# Ulmia Miter Clamp Set and Spring Pinch Clamp



## Dennisgrosen

thank´s for the rewiew Bob, preciated since these was on my maybee to buy list

take care 
Dennis


----------



## Dez

I have been thinking about getting a set of these! Thanks for the review.


----------



## daddymunster

Dennis & Dez…You will enjoy using these clamps. They are wonderful. 
You're welcome!


----------



## Smalltimer

Thanks for this review; I've been curious about these clamps for awhile.

I do have two questions I'm hoping someone could help me with before I take the plunge and buy some for myself:

1. Don't the points of the clamps mar the wood, at least a little?

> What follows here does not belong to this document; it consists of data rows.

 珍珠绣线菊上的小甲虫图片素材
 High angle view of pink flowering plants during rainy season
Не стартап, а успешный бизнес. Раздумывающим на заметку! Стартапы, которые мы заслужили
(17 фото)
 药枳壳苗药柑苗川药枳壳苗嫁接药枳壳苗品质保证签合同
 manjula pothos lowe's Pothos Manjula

2. Would these clamps work on polygonal shapes joined at angles other than 90 degrees? Some of my projects require me to build 6- or 8-sided polygons. Would the 60 or 45 degree angles involved be too shallow (or is it too wide?) for the clamps to grip?

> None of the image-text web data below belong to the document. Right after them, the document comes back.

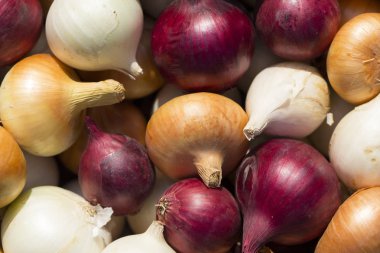 Çok renkli soğan. Hasat kök bitkileri. Kırmızı, sarı ve beyaz sebze. Alacalı yay - bitki arka planı.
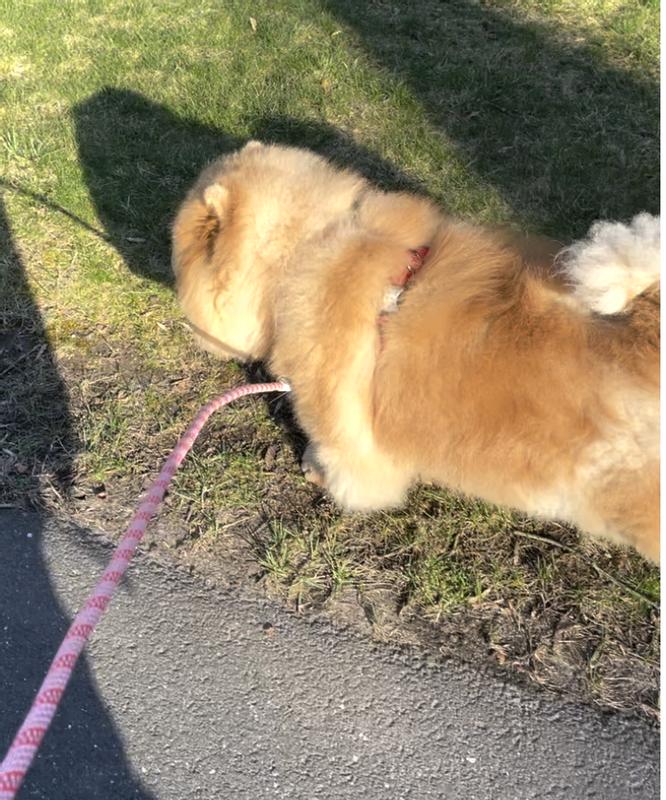 Walkies with our Cookie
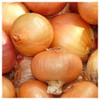 Everwilde Farms - 1 Lb Texas Early Grano Onion Seeds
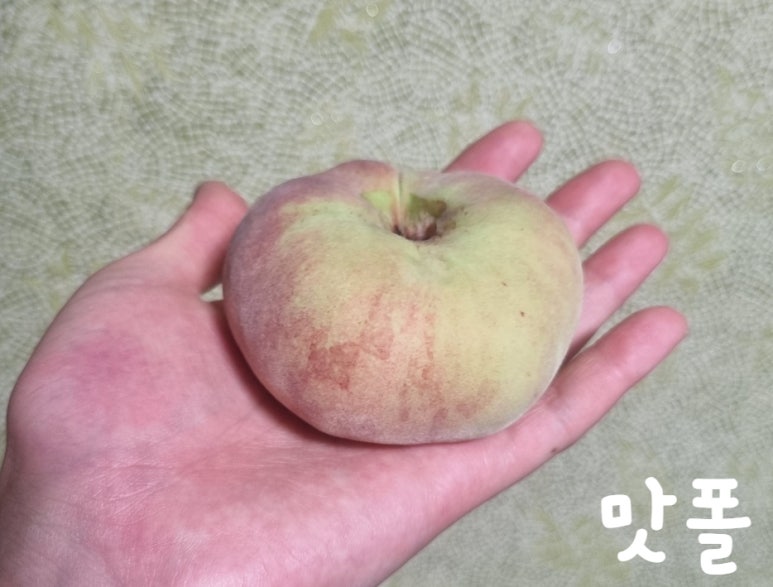 구우니 이미지
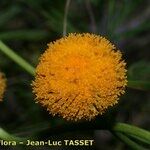 Leucanthemum virgatum 花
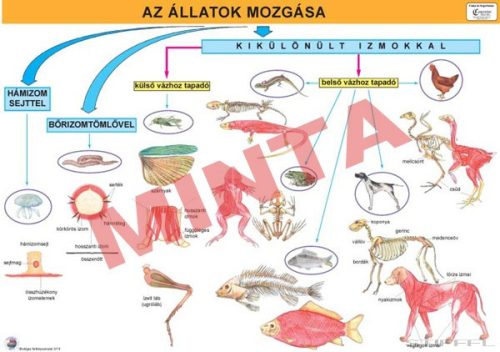 Az állatok mozgása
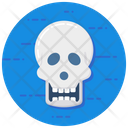 Skull Human Skull Skull Anatomy Icon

Thanks in advance for any feedback!


----------



## daddymunster

Smalltimer…

1. Rarely is this a factor. The points could dig into the wood depending on the density of the wood and the amount of pressure the woodworker applies to the clamps. However. this is a very small point (get it?) to be concerned about. The clamps can do a very good job even with just a little pressure. It's just a matter of aligning the joint until the glue sets. (This assumes the joints are cut and fit accurately.)

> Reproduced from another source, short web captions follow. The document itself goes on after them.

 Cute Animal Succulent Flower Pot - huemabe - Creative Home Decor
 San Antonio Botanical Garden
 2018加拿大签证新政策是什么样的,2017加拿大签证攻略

2. For 6-8 sided polygons you may be better off with a band type clamp so that even pressure is distributed. When making segmented rings for segmented woodturnings I'll often use rubber bands to distribute the pressure evenly. It's enough pressure on the joints to keep them aligned and to allow the glue to set.


----------



## Maggiepic

I've had a full set of these for over 10 years. They are great for multiple frames, crown corners, etc. It's like having 80 extras hands.
The point does leave a mark, but as Bob said, it depends on the pressure, or spread, you put into the clamp. For well cut miters, just enough pressure to hold until the glue sets is all you need. Usually the small indent can be sanded out. But with some of the larger clamps, a large amount of pressure can be obtained, such as for a out of wack crown molding situation. Then the indents do get large, but no more then what a nail head would be. Some filler and sanding and your good to go.
Thanks for the review Bob, hope you don't mind my 2 cents.


----------



## daddymunster

GaryL…Thanks for sharing your perspective and your experience. Gary brings up excellent points.

"For well cut miters, just enough pressure to hold until the glue sets is all you need." *Well cut miter joints.*

"But with some of the larger clamps, a large amount of pressure can be obtained, such as for a out of wack crown molding situation." *Poorly cut miter joints.*

"They are great for multiple frames, crown corners, etc. It's like having 80 extras hands." The clamps save time and money…and also preserves the quality of the miter. *(This assumes the joints are cut and fit accurately.)*


----------



## maljr1980

any good trim carpenter or cabinet builder will surely have a set of these in his toolbox. work great for casing and crown mold, and to hold parts together during assembly, and they put the pressure on your miters so the glue joint is nice and tight but doesnt fail. i dont recomend them to force bad miters such as in crown together, as soon as the wood shrinks or swells from seasonal changes your miter will pop if it was a poor joint to begin with


----------